CCI will assess only three types of legislations and bills in a year as below :
(i) the economic legislations enacted in the preceding one year and the economic bills pending or coming up before the Parliament or any State Legislature and identify legislations / bills, which may potentially have adverse effect on competition, for assessment;
(ii) References made by any Government Agency and/or regulators and
(iii) suo moto identify any legislation / bill for assessment.
The Competition Commission of India (Competition Assessment of Legislations and Bills) Guidelines, 2015 (Framed under section 49 (1) and (3) of the Competition Act, 2002)
The Competition Commission of India (the Commission) is established under the Competition Act, 2002 (the Act) with the objectives to prevent practices having adverse effect on competition, to promote and sustain competition in markets, to protect the interests of consumers and to ensure freedom of trade carried on by other participants in markets, in India, and for matters connected therewith or incidental thereto.
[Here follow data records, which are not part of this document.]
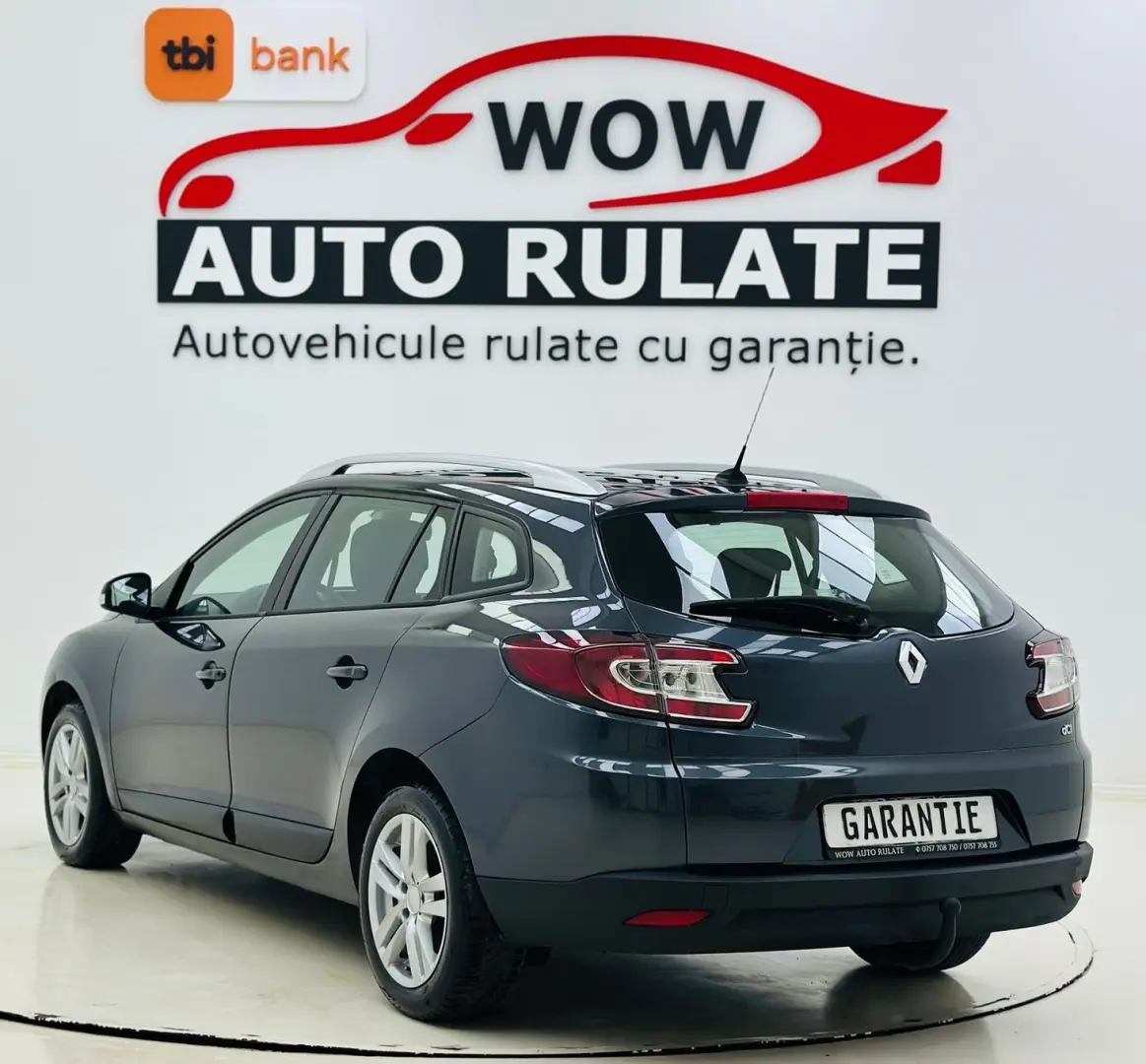 RENAULT MEGANE 2013 1.5D E5 GARANTIE 12 LUNI Rate Avans 0 Do
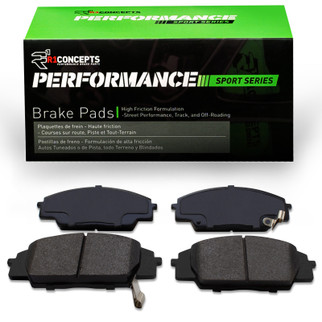 R1 2000-2011 Acura RSX Front R1 Performance Sport Pads
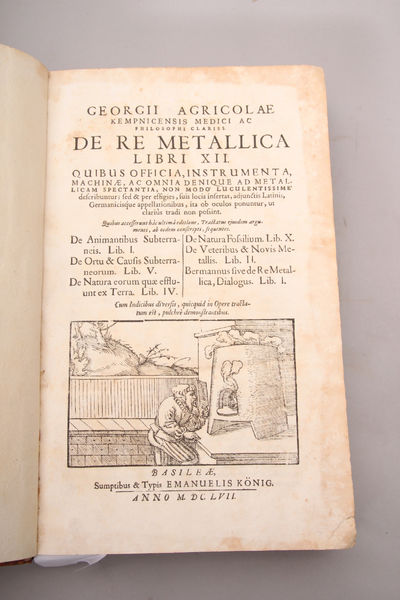 De re metallica libri XII. (photo 2)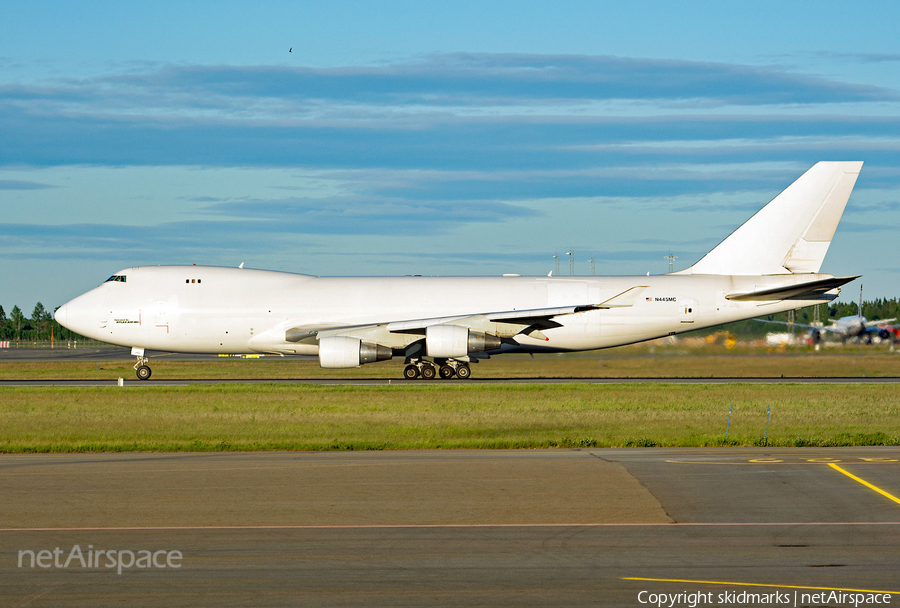 Atlas Air Boeing 747-4B5(ERF) (N445MC) | Photo 246823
It is mandated, inter alia, to
(a) give opinion on a reference from Central Government or a State Government on possible effect on competition of a proposed policy, and (b) take suitable measures for the promotion of competition advocacy, creating awareness and imparting training about competition issues. It pursues its objectives mainly through two sets of instruments, namely, advocacy and sanctions targeted at enterprises. While these two measures are complementary, advocacy ‘ex ante’ ensures freedom of trade by enterprises and achieves ‘fair competition for greater good’.
India adopted a new economic order in the early 1990s. This empowered the invisible hands of the market, namely, demand for and supply of goods and services to determine two major outcomes, namely, quantities to be produced / supplied in the economy and prices at which these are to be exchanged. The invisible hands may occasionally malfunction in the presence of information asymmetry, externalities or market power. State usually intervenes to address these concerns to prevent market failure. The State intervenes in the market and the economy by (a) enacting legislations and subordinate legislations that define the contour of the freedom of economic agents and their rights and obligations, and (b) formulating economic policies relating to trade, commerce, industry, business, investment, disinvestment, fisc, taxation, IPR, procurement, etc. These interventions usually strengthen the invisible hands of the market and promote competitive neutrality as well as competition. However, despite best intentions and exercise of the best of the skills, care and due diligence, these may inadvertently carry potential to restrict the ability of economic agents to effectively compete at the market place.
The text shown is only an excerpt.